EXERCISE GOAL:
Copy each line below in which the string "White" occurs.

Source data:
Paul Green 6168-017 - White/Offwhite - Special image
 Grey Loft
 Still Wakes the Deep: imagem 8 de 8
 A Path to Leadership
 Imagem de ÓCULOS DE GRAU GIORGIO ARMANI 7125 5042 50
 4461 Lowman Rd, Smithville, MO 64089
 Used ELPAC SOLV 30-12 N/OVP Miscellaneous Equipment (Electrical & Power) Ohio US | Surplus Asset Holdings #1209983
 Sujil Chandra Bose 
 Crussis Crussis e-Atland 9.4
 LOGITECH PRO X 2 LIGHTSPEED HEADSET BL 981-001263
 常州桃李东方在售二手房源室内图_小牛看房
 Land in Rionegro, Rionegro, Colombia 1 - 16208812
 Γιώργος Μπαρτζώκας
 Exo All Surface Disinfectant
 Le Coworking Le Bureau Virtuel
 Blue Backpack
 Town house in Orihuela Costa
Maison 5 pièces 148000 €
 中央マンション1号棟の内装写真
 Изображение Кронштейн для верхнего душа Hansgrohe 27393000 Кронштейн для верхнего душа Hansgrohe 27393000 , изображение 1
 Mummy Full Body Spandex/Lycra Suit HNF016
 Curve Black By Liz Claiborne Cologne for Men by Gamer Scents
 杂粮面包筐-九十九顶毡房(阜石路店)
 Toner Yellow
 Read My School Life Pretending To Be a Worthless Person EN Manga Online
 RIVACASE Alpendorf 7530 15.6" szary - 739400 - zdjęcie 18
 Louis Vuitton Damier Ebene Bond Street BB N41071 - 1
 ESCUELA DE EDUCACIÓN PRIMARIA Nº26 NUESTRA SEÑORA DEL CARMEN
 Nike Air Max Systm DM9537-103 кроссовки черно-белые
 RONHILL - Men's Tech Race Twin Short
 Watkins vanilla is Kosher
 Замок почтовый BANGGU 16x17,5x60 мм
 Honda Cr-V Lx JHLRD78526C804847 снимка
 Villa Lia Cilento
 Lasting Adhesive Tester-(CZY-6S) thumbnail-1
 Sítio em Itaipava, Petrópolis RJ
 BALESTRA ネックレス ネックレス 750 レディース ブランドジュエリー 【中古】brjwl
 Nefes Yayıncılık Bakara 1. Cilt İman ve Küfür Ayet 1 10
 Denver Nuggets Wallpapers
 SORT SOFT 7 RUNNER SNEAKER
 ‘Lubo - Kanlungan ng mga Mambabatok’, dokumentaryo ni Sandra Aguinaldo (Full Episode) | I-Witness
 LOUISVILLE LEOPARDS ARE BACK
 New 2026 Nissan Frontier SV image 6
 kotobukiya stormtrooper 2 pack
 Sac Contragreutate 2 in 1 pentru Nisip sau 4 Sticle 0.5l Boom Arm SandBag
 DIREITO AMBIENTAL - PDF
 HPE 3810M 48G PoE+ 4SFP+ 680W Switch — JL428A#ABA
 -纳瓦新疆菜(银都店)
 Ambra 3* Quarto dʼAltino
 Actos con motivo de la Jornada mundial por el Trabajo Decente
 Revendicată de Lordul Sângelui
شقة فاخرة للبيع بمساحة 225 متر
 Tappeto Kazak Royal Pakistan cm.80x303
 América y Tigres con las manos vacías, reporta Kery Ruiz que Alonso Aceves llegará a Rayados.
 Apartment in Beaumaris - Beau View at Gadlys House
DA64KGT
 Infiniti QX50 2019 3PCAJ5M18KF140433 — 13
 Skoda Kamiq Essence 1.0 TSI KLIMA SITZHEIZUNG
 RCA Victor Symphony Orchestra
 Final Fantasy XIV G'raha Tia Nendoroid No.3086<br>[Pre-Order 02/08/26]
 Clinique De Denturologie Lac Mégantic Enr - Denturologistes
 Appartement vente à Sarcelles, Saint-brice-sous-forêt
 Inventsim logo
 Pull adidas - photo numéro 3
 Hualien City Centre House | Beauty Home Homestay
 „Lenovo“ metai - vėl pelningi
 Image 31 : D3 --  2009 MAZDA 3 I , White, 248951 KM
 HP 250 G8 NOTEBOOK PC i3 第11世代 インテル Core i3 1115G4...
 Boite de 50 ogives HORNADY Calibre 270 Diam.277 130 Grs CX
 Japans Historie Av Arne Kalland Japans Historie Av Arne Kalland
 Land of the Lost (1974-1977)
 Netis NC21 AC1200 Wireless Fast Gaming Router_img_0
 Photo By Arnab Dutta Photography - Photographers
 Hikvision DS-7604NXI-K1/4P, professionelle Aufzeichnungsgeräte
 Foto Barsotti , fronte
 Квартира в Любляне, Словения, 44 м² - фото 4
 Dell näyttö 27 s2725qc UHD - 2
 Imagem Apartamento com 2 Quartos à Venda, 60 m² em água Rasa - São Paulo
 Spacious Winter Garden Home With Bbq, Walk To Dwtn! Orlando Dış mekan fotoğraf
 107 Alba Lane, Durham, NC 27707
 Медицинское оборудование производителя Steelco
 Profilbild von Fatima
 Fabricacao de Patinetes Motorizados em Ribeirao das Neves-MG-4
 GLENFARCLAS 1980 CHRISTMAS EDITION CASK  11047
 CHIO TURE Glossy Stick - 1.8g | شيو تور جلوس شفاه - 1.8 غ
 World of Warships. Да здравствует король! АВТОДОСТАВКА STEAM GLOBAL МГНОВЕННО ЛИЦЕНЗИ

ANSWER SECTION:
Paul Green 6168-017 - White/Offwhite - Special image
 Image 31 : D3 --  2009 MAZDA 3 I , White, 248951 KM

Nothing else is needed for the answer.